After that, Mike rushed and brought on a second queen to be introduced to the hive. With luck she’d be welcomed and start producing more hive members, keeping the colony going. At first it seemed to work and for a time, we reveled in the notion that we were officially successful beekeepers. Then it seemed like the hive was thinning out, but it was hard to be sure. Fifteen thousand bees didn’t look a lot different than ten thousand bees to our untrained eyes when we opened things up, and maybe a big bunch of them were just out on a pollen run?

Eventually, though, it was clear we were looking at fewer and fewer bees every week. In the end all we had left was Her Royal Majesty the Second and a couple of stragglers, and us with no actual idea what happened.
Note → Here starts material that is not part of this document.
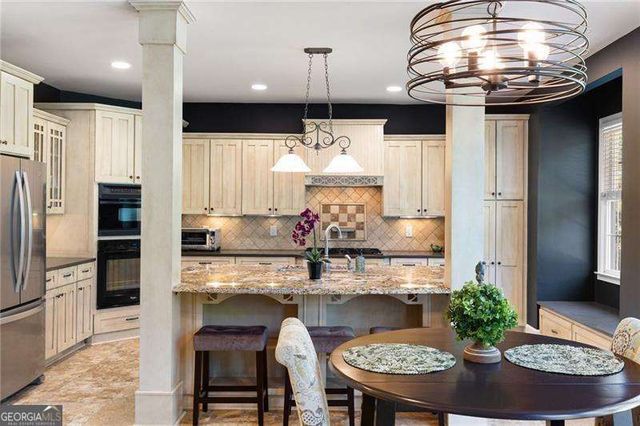 404 Billings Farm Drive, Canton, GA 30115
While unsuccessful, our short bee experience did teach us a few things. One was that bees can make friends. Instead of availing themselves of the water source we’d set up, our bees congregated in a little line on the edge of the neighbors’ bird bath each morning with a buzzy greeting. We hadn’t counted on them outing our covert beekeeping efforts, but thankfully the neighbors were delighted instead of alarmed.

By the time they came by to ask about this year’s bee effort, Mike had all but decided that our backyard bee Taj would go unoccupied. But it didn’t take too much effort to change his mind.

This year we’re making a few changes. First, we brought home nuks instead of a package of bees (nuk is pronounced more like ukulele than knuckles, by the way). A nuk is like a mini hive with frames ready to transfer into the new hive, and a queen already entrenched in the colony. And we bought two nuks instead of one, having learned that setting up a lone hive is a rookie move. With two, we’re told, you can tell more readily if one has a problem and make adjustments.

What those adjustments might be, I can’t tell you, but it will be helpful to compare the two along the way to see if there’s any thinning early on.

I decided naming the hives was my job. Mike wasn’t crazy about my suggestions at first. He said he worried about handicapping our bees with a label, like they’re kids destined to be bullied on a playground if we chose poorly. I reminded him that he’d widely introduced our first child, in utero, as Cletus the Fetus and I’ve never collected on that debt. I have a long memory and he has a weird sense of humor, which is, my friends, the story of how this marriage works.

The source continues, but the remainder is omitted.